Антон понимал: оправдываться перед женщиной — самое неблагодарное дело. Особенно если ни в чем не виноват. Чем активнее он будет доказывать Леле свою непричастность к проклятому снимку, тем хуже станет выглядеть в ее глазах. Надо переждать, исчезнуть, залечь на дно. Пускай Леля ощутит пустоту рядом с собой и затоскует. Все-таки он занимал не последнее место в ее жизни, они были близки… Леля не из тех девушек, которые постоянно меняют увлечения, а он, Антон Смирнов, умеет ждать. Время и не такие головоломки распутывает, вот оно все и расставит по местам. Рано или поздно Леля сама позвонит ему. Надо только уметь ждать.
Приняв это непростое решение, Антон с головой ушел в работу. Каждый день он срывался на задания, сдавал статью за статьей, коллеги и начальство с удивлением отмечали, что стиль его письма стал более жестким и более острым. Дня не проходило, чтобы редакционные акулы не подлавливали его в курилке, требуя объяснений разительным переменам. Лишь Ленка Кузнецова не задавала вопросов и поглядывала на него сочувственно, даже жалостливо. Это Антону как раз не особенно нравилось. Не хватало еще, чтобы его, признанного редакционного мачо, жалели такие пигалицы, как рыжая Ленка. Впрочем, в редакции, заполненной завистниками и недоброжелателями, иметь верного друга даже женского пола было совсем неплохо. Антон порой сравнивал ее с Лелей. Сравнения всегда были в пользу любимой. Та — небожительница, живет искусством, порой улетает даже от него, Антона, в свои небесные дали. И хороша так, что мурашки бегут по коже, когда он вспоминает о ней. Любые мелочи: сгиб ее локтя, поворот головы, каждый пальчик, словно выточенный под клавиши рояля, — рождают у него восхищение и желание. А Ленка — совсем другое дело. Веселая, земная, заводная — такая понятная, обычная и симпатичная девчонка. С ней можно закрутить интрижку, но отнюдь не такой красивый роман, как с Лелей, — один на всю жизнь. Да и вообще, они настолько не похожи! Леля — академически-строгая, любит только классическую музыку, признает лишь серьезную литературу и театр. Да что там говорить: даже одеваются они по-разному. Леля — в изысканные платья и сарафаны, длинные юбки и романтические блузки, обожает шали и шляпки, носит длинные черные пальто с длинными шарфами и высокими ботинками.

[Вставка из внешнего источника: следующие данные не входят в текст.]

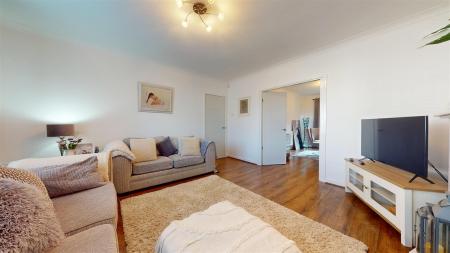 Masefield Grove Living Room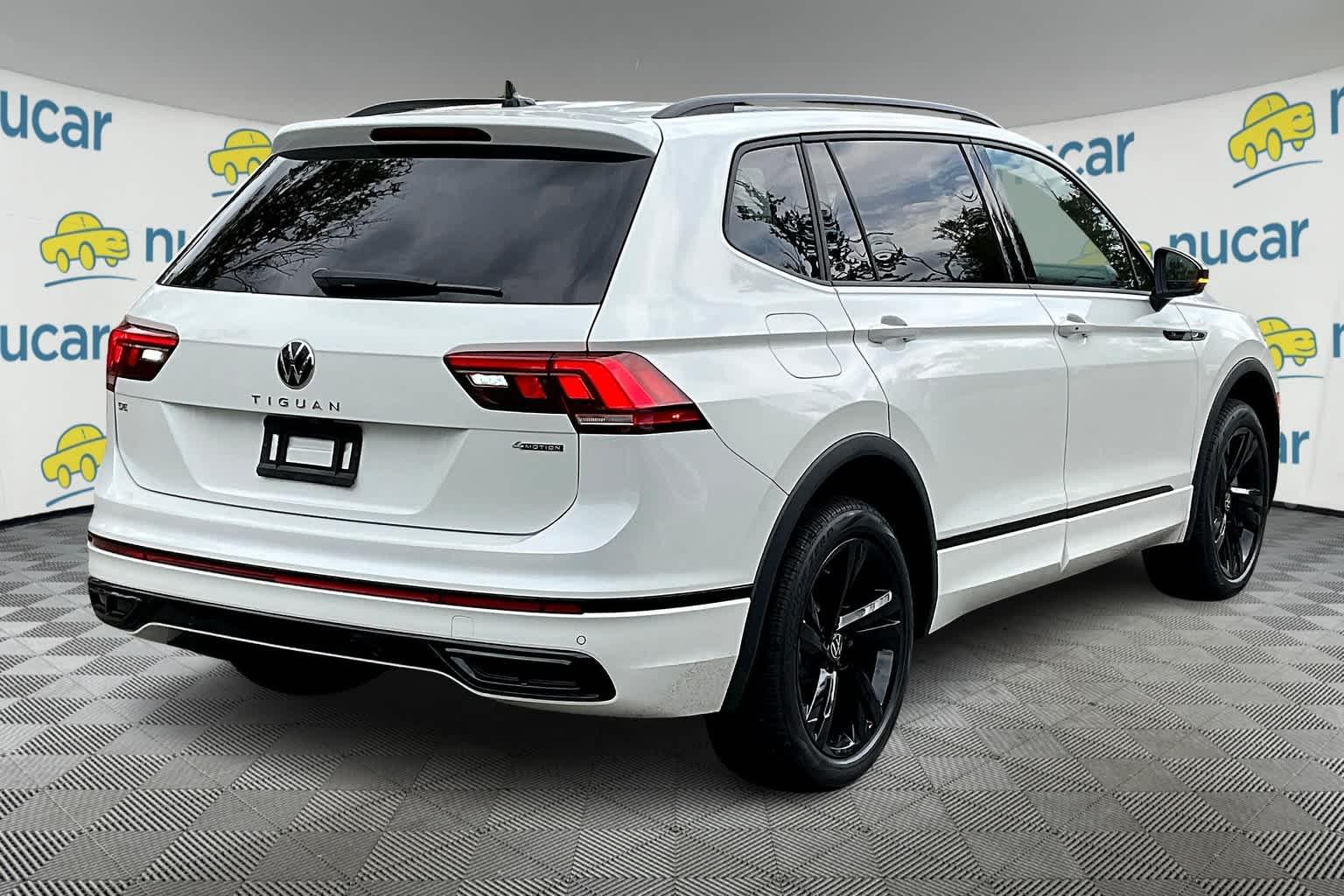 2024 Volkswagen Tiguan SE R-Line Black - Photo 6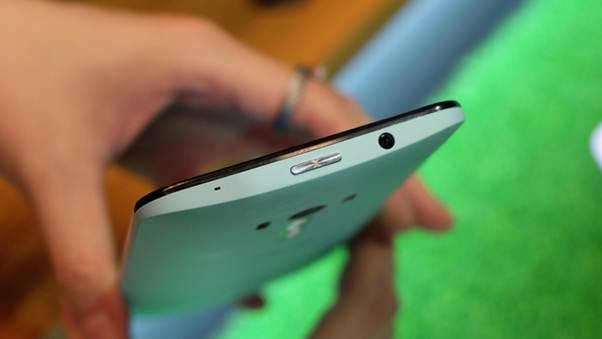 điểm nổi bật chính trên ZenFone Selfie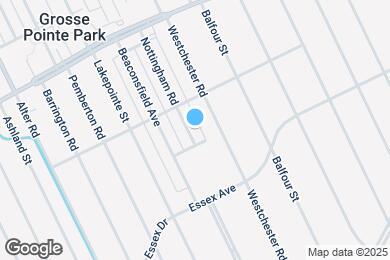 Map image of the property - 862 Nottingham Rd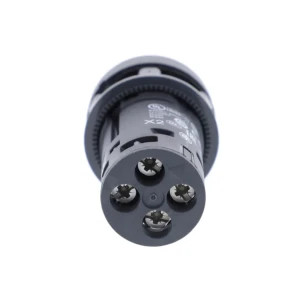 Buton schneider-electric xb7nw33m1 1p 220 v 4 a ip54 verde Thumbnail 2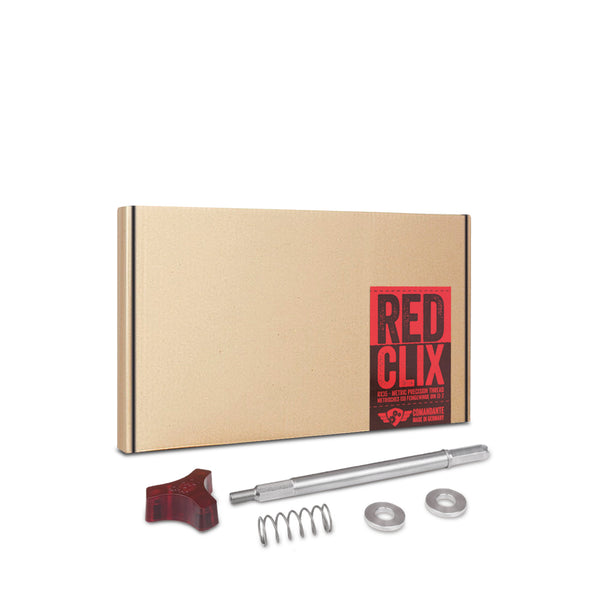 Comandante Red Clix Set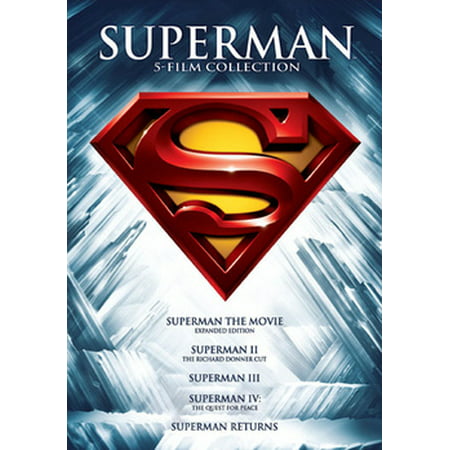 Superman: The Motion Picture Anthology 1978-2006 (The Best Of Juli Ashton)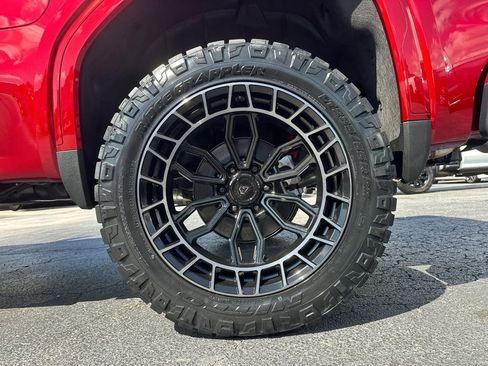 New 2025 GMC Sierra 1500 AT4 w/ AT4 Premium Package image 20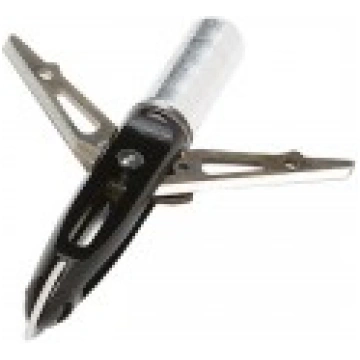 KILLZONE 125 GR 2 BLADE SCREW-IN uzgalis arbaleta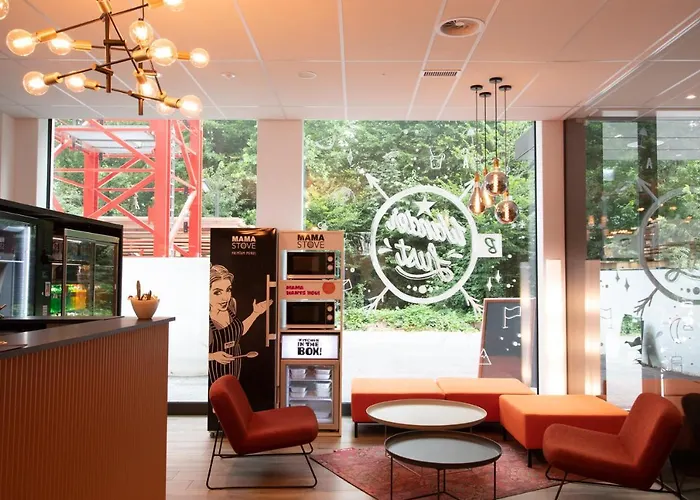 B&B Hotel Zuerich Wallisellen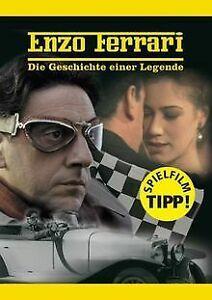 Enzo Ferrari - Die Geschichte einer Legende (Einzel-...  DVD, CD & DVD, DVD | Autres DVD, Envoi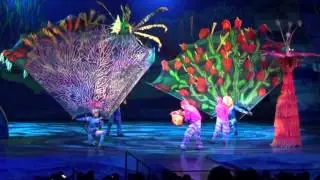 Finding Nemo The Musical POV - Full Show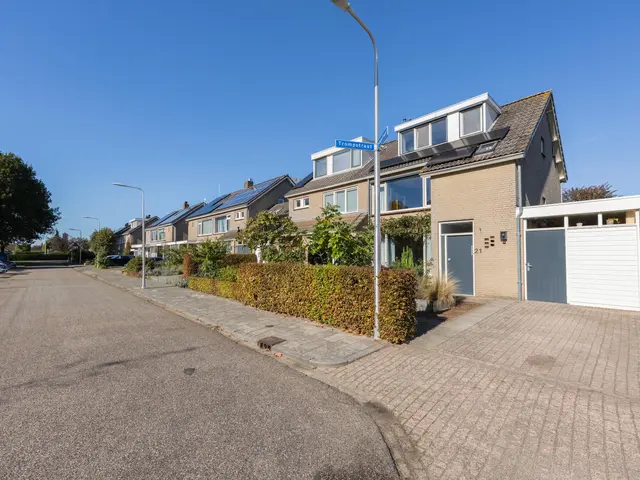 Foto van Trompstraat 21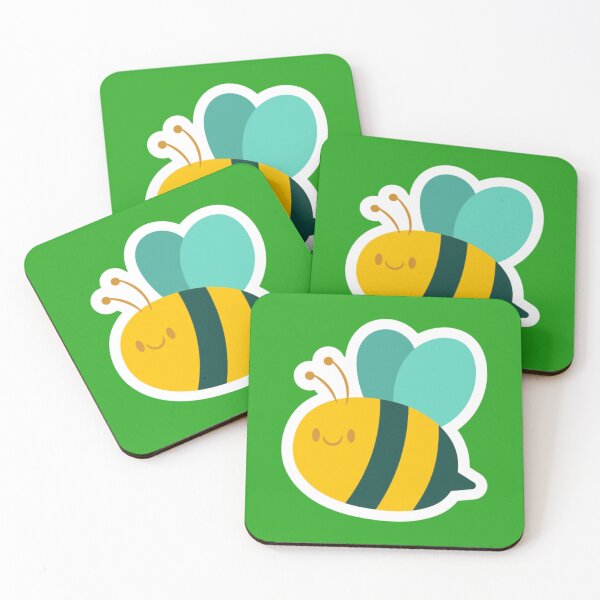 Item preview, Cute Bee  designed and sold by Starfox120.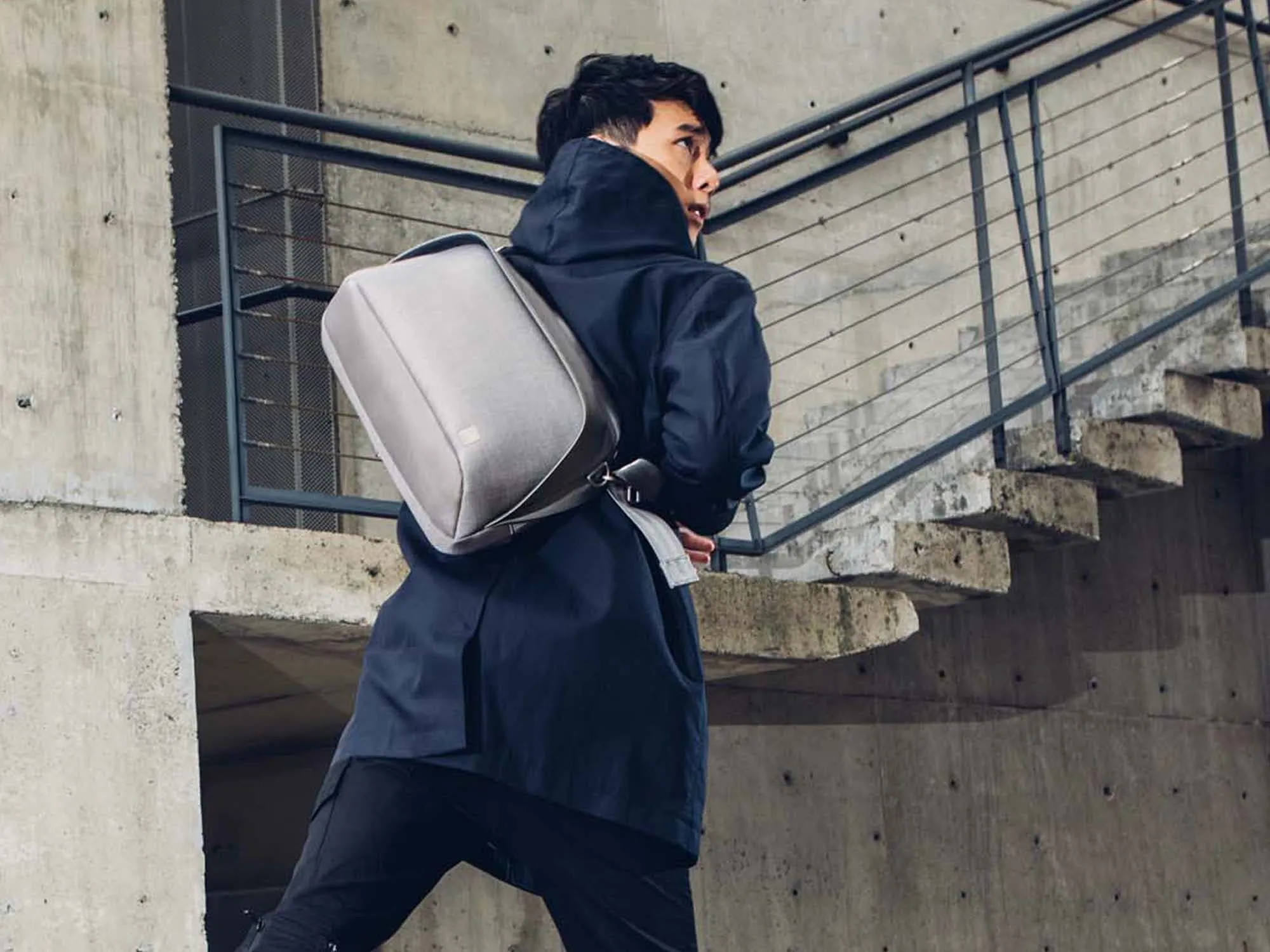 Moshi Tego Sling Messenger Bag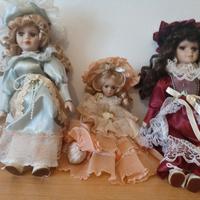 bambole da collezione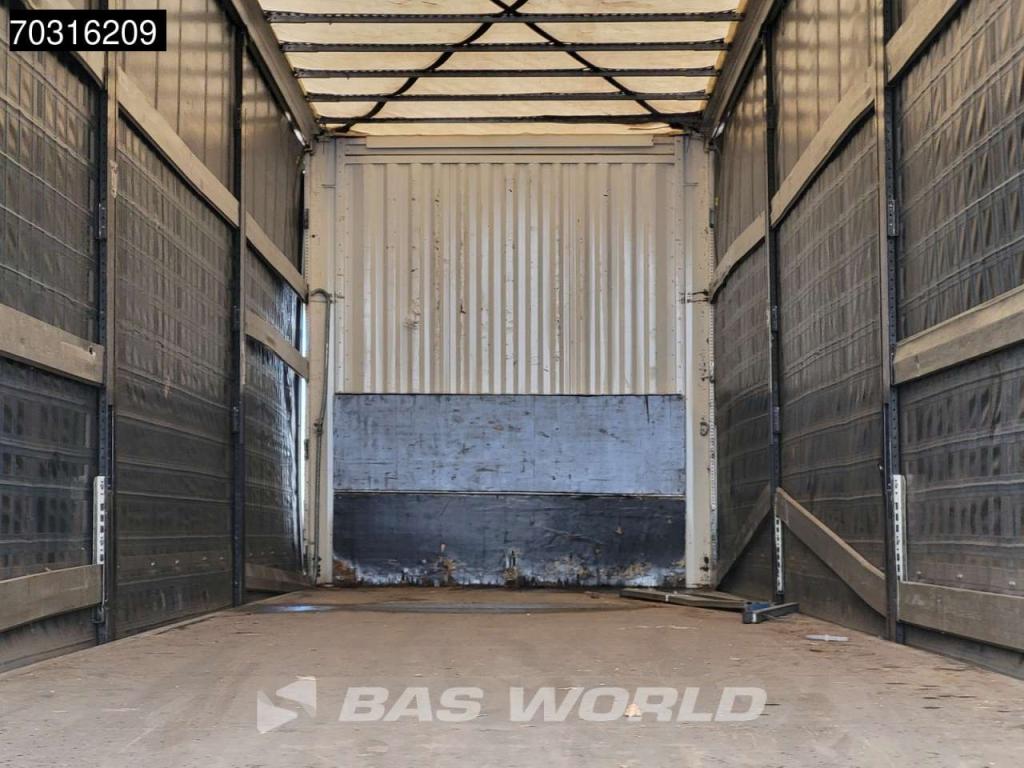 Kässbohrer CXL050R123 3 axles 2x Lift Axle Anti Vandlism Foto 14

А Ленка всегда в джинсах, спортивных рубашках, куртках и кроссовках. Словом, роковая женщина — это сказано точно не про Кузнечика. В нее он никогда бы не смог смертельно влюбиться — так, как в Лелю. А впрочем… Короткая летняя интрижка еще никому не вредила. Может, Ленкин спортивно-мальчиковый стиль — только маска? Не монахиня же она, в конце концов. Он, Антон, увы, сейчас свободен. Обета верности никому не давал. Похоже, и у Ленки никого нет. Может, приударить за ней? Так просто, для развлечения. Тем более девчонка симпатичная. Слава богу, у них в редакции к подобным историям относятся снисходительно. Мол, дело молодое, люди сходятся, расходятся, лишь бы работе не мешало.
— Лен, а что ты делаешь сегодня? — спросил Антон, напустив на себя безразличный вид.
Ленка почему-то вздрогнула и покраснела. Так умеют краснеть только рыжие — краска залила не только ее лицо, но и шею, а веснушки сделались почти незаметны. Желтые глаза на минуту радостно блеснули, но тут же потухли.
— Извини, сегодня не смогу, есть одно дельце, — равнодушно сказала она.